Les grands-parents apparaissent rarement dans les sources médiévales, essentiellement à cause de la faiblesse de l'espérance de vie des individus. Quelques exemples permettent cependant de juger de leur importance affective et éducative. La reine mérovingienne Brunehaut (morte en 613) surveille étroitement l'éducation des enfants de son petit-fils Thierry II. A la fin du VIIème siècle, en Neustrie, Anseflède, veuve de Waratton, élève son arrière-petit-fils Hugues, fils de Drogon et d'Adaltrude : elle "accueillit l'enfant et elle le nourrit. L'esprit rempli de prudence et de prévoyance, elle fortifiât l'âme du jeune garçon par des admonestations quotidiennes, afin qu'il se consacre au service de Dieu avec les autres". Selon ses biographes (Jean de Joinville ou Guilaume de Saint-Pathus), saint Louis aime à raconter les souvenirs que son grand-père Philippe Auguste lui a laissés. Cet aïeul, mort lorsque Louis IX était âgé de 9 ans, l'a fortement marqué, représentant pour lui le roi idéal.

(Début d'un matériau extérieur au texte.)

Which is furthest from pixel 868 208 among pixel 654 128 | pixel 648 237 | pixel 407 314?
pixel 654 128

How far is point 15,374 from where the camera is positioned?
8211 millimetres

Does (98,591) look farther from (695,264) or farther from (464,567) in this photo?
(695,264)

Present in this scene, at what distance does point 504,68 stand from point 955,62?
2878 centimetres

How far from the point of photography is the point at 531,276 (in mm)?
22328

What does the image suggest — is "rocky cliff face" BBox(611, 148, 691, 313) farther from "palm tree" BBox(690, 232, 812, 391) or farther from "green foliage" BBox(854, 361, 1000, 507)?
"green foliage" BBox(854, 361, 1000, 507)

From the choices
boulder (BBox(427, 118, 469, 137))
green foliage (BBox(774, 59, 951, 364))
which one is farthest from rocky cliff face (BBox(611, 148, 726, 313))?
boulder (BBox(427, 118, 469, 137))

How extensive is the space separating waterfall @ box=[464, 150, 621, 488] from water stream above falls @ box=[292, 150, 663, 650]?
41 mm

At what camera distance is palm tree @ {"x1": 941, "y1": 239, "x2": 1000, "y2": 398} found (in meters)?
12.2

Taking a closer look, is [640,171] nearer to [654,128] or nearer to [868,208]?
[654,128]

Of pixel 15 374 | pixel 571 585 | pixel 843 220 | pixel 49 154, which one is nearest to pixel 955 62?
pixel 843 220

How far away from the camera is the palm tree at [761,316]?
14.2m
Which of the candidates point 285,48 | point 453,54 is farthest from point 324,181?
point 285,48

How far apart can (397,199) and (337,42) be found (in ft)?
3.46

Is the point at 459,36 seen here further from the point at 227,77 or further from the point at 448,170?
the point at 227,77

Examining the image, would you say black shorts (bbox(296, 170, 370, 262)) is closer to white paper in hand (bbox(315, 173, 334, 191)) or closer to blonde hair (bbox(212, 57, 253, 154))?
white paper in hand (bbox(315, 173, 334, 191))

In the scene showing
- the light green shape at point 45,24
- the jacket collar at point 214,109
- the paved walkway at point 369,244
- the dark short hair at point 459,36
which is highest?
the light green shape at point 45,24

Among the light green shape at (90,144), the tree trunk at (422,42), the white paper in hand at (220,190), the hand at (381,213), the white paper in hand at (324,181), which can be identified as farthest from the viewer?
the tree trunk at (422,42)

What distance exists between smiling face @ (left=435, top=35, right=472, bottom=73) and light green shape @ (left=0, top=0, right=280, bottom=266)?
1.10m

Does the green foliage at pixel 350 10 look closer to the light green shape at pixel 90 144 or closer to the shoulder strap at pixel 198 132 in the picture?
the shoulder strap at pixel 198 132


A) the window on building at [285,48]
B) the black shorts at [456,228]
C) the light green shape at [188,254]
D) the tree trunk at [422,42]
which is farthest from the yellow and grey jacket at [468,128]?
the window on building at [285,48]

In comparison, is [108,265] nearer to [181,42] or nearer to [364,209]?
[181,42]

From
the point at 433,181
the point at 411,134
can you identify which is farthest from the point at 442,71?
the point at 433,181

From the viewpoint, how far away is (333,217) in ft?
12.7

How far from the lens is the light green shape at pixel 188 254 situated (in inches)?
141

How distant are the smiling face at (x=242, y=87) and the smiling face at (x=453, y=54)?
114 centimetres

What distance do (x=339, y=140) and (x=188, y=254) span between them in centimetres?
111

Au XIIIème siècle, le chroniqueur franciscain italien Salimbene de Adam (1221 - après 1288), lui aussi, se souvient de la mère de son père, morte centenaire : "J'ai habité 15 ans avec elle, écrit-il, dans la maison de mon père. Que de fois m'a-t-elle enseigné à éviter les mauvaises fréquentations et à en choisir de bonnes, à être sage, morigéné et bon". En 1501, à Sion (Valais), un homme accepte de prendre sa petite-fille Jeannette Aren dans sa maison pour un an pour le servir, en attendant que l'homme qu'elle vient d'épouser, Simon Perrers, ait le temps d'apprendre un "art mécanique". Ce souci éducatif ou cette volonté de protection est souvent motivé par une profonde affection. En 1478, près de Zurich, Anna von Zimmern, une noble femme sentant sa mort prochaine, écrit à son fils et à sa bru une lettre qui montre son attachement à ses petits-enfants : "Mon affection maternelle et les meilleures pensées, très cher fils et très chère fille [...] Très chers enfants, ne manquez pas de m'envoyer incessamment un messager et de me faire savoir par lui comment se portent mes très chers enfants, les jeunes, car vous me manquez terriblement, eux et vous. Mais ne soyez pas trop inquiets, et avant tout, faites-moi donner des nouvelles des petits-enfants".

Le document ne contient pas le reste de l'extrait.